Northwestern’s appeal placed the express question of a student athlete’s status as an employee squarely before the Board because if the student athletes are not statutory employees, the Board lacks authority to direct an election or certify CAPA as the bargaining representative of the players. Rather than grapple with whether student athletes should be classified as employees, the Board exercised its broad statutory authority to decline jurisdiction on the basis that asserting jurisdiction over the Northwestern football players would not promote stability in labor relations. In support of this conclusion, the Board made the following significant findings—which will likely be relied upon by colleges and universities opposing any future efforts of college athletes to unionize:

  1. Disruption to the Direct Interaction and Cooperation between NCAA Academic Institutions. Relying on previous board decisions regarding the need for the unified operation of professional sports leagues, the Board concluded that the interconnected nature of NCAA teams means that labor issues that directly involve only an individual team and its players would have a direct impact and effect on the NCAA as a whole and the other member institutions. Therefore, individual team bargaining is problematic.
  2. Lack of Jurisdiction Over Public Colleges and Universities.  Despite relying on the similarities between professional sports and college athletics to conclude that individual team bargaining would be problematic, the Board found that there were substantial and legally significant distinctions between professional sports and collegiate sports which weigh in favor of declining to exercise jurisdiction. Specifically, the Board noted that 108 of the approximately 125 colleges and universities that have FBS football teams are state-run institutions over which the Board cannot assert jurisdiction. Although Northwestern is a private school, it is the only private school in the Big ten Conference and therefore the Board would be unable to regulate the overwhelming majority of the teams in the relevant league. This distinction may usher in a trend to unionize scholarship athletes in leagues where the majority of schools are private colleges or universities.
  3. Significant Reforms were Made by the NCAA to the Terms and Conditions Applicable to Northwestern’s Players.  The Board indicated that in recent years—and specifically in the year since the representation petition was filed—the NCAA has answered the call from athletes and the general public by implementing significant reforms, changing the terms and conditions of the relationship between student athletes and their respective academic institutions. The Board noted that the NCAA’s reforms addressed some of the concerns expressly raised by Northwestern’s players which formed the very basis for their alleged “need” for representation.

A Game of Inches

Based on the trends in the Board’s recent decisions which have taken an expansive view of the NLRB’s jurisdiction, many experts predicted that the Board would issue a ruling recognizing the scholarship football players as “employees” within the statutory meaning of the NLRA.

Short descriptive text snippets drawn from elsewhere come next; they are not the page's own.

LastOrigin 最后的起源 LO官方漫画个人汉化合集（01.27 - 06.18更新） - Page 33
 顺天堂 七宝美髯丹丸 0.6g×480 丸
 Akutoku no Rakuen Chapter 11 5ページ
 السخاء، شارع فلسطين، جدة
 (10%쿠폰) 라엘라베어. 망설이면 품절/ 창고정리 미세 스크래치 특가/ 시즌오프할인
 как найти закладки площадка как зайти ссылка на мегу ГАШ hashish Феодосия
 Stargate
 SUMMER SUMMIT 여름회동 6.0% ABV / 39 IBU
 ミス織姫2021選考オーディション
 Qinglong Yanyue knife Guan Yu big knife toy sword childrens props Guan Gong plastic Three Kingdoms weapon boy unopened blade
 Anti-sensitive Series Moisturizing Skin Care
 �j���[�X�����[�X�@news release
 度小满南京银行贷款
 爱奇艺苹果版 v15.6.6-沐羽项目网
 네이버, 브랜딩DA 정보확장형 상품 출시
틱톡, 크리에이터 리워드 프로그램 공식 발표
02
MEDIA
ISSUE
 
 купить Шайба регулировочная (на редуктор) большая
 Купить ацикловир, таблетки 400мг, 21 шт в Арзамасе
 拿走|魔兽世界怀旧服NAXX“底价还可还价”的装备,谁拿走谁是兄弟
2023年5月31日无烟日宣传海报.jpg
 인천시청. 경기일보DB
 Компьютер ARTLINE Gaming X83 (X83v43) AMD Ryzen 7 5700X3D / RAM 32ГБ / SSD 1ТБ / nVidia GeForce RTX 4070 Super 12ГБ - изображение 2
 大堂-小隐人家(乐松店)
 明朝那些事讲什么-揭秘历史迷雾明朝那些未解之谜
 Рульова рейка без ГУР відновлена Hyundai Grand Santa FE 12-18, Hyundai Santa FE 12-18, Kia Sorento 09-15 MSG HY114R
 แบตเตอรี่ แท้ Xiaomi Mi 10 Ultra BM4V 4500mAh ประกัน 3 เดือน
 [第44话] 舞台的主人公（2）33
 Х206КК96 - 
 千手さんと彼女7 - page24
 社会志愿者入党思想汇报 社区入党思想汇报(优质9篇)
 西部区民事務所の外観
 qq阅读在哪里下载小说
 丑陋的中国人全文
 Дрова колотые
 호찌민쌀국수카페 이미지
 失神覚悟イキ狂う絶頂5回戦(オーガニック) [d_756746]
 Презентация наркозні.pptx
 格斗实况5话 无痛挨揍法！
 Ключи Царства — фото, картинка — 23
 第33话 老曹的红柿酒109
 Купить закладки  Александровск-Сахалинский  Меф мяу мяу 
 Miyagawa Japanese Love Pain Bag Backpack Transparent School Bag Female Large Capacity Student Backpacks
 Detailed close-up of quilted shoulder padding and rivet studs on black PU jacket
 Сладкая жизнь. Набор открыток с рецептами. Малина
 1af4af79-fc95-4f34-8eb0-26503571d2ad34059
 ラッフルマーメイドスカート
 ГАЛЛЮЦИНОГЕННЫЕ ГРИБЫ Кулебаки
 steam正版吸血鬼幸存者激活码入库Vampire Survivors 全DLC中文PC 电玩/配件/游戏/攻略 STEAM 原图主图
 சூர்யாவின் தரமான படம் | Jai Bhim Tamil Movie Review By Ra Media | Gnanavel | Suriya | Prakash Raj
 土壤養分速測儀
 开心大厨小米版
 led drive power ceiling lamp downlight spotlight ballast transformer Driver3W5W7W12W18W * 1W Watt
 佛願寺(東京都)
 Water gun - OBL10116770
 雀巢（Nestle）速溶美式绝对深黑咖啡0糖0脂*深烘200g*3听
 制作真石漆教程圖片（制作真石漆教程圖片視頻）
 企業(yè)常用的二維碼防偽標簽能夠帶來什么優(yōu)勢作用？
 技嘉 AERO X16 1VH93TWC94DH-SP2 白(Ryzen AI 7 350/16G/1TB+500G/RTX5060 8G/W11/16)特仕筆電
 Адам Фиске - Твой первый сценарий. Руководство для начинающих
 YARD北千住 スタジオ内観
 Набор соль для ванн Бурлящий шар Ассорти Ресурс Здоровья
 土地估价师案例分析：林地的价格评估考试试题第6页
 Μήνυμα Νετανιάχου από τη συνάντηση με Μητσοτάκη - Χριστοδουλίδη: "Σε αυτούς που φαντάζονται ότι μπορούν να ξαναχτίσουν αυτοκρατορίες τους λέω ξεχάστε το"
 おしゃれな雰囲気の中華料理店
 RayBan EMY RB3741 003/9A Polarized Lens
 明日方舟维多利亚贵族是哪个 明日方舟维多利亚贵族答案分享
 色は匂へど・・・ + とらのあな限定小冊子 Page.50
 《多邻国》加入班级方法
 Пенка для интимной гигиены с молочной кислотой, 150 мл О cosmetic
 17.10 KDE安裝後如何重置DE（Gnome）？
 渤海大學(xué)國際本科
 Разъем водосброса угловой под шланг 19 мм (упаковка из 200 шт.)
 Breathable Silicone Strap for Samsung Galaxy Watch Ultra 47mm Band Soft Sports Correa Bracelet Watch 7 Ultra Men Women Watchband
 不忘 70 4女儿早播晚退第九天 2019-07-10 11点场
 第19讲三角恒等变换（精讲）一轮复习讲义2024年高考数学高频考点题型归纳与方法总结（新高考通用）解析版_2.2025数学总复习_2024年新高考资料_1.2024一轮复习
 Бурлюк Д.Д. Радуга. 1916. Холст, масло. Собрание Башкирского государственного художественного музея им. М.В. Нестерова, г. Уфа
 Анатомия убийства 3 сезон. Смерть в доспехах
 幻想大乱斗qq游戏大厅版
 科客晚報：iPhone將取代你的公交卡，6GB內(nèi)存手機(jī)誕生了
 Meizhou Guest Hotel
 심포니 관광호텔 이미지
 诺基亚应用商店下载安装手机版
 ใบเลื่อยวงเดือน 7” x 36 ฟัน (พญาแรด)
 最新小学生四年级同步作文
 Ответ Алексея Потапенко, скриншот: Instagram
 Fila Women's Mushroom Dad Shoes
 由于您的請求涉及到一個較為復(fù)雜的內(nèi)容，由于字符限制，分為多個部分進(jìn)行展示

“[w]e are declining jurisdiction only in this case involving the football players at Northwestern University; we therefore do not address what the Board’s approach might be to a petition for all FBS scholarship football players (or at least those at private colleges and universities).”

The NLRB’s ruling—which did not reach the merits of the athletes’ claims—has the football players clamoring for an instant replay to have the Board’s call reversed! The Board made it quite clear that its decision was based on the unique facts and novel circumstances particular to this case—leaving the door open for a spirited rematch.